In fact, the flood failed to materialize, even after the five biggest U.S. mortgage servicers reached a $25 billion settlement with federal and state regulators in February. Instead, the number of properties for sale shrank to the fewest in a decade, prices appreciated at the fastest pace since 2005, and the gradual healing of the housing market helped boost consumer confidence and the economy.
“We don’t have enough homes now to meet the needs of the market,” Paul Jacobson, a Stockton native and real estate broker for 22 years, said as he cruised the city’s northern fringe, where suburbia meets farmland. “People see a foreclosed home for sale in this area and they’re going to jump on it.”
Banks have stepped up foreclosure alternatives to avoid legal challenges. They’re forgiving debt, modifying payment plans and approving short sales that allow homeowners to sell for less than they owe.
The federal government, criticized by consumer activists for failing to prevent more than 4.7 million homes from being lost to foreclosure or short sales since President Barack Obama took office in January 2009, is also helping to stem the crisis.
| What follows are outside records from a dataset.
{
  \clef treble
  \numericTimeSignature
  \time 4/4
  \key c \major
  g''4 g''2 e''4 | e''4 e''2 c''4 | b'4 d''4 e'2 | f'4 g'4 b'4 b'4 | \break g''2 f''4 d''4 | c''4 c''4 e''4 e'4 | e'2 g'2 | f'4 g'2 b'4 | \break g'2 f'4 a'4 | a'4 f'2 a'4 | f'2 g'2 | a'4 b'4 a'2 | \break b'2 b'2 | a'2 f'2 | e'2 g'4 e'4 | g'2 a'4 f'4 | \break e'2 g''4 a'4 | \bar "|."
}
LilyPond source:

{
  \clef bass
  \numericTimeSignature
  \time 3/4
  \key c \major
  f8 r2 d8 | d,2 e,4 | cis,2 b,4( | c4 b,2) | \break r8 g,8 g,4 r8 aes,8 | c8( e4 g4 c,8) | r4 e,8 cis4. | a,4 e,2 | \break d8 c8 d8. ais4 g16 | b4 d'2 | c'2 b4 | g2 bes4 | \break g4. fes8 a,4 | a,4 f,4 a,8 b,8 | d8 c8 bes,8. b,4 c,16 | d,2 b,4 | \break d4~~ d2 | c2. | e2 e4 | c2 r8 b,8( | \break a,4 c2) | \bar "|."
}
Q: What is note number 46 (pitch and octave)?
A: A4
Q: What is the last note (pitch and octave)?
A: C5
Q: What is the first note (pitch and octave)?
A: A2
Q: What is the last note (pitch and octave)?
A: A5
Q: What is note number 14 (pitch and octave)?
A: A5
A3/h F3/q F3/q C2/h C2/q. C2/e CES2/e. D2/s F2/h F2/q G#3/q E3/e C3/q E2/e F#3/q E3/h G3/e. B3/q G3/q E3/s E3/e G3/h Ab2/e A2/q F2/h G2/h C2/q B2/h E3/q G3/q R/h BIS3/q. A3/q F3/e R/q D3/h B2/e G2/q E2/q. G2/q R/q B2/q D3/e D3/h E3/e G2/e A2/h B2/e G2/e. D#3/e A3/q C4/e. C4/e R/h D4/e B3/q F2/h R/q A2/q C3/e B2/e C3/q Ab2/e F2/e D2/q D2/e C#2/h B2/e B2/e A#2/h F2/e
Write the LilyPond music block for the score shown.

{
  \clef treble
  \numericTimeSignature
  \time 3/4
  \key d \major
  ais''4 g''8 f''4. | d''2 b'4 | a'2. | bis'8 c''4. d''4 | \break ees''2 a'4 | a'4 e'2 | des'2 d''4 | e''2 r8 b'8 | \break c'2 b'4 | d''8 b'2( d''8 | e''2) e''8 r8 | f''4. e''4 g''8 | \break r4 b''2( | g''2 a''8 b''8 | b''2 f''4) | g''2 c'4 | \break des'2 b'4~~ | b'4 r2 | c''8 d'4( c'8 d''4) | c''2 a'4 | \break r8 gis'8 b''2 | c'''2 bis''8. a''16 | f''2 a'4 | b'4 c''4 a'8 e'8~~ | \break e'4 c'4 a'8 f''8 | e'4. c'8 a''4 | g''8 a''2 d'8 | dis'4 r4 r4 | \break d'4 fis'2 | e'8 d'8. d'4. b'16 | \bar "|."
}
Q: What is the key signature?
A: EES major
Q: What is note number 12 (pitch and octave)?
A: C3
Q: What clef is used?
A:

Expanded loan-modification programs have gained traction, and the Federal Reserve has kept bank interest rates near zero. Investors including Blackstone Group LP (BX) and Colony Capital LLC are purchasing thousands of foreclosed homes in bulk before they even hit the market, further limiting new supply.
“Many of us, myself included, feared a wave of foreclosures when the settlement came,” Wachter, professor of real estate and finance at Wharton in Philadelphia, said in a telephone interview. “I was wrong.”
Slowing the foreclosure process has allowed banks to avoid booking losses on non-performing loans, said Joshua Rosner, an analyst with Graham Fisher & Co. in New York. U.S. banks reduced their net charge-off rate on mortgages to 0.77 percent in the second quarter, the most recent available, from a high of 1.81 percent at the end of 2009, according to data Rosner compiled. That drop occurred as the rate of non-current loans declined to 9.77 percent from 10.15 percent in late 2009.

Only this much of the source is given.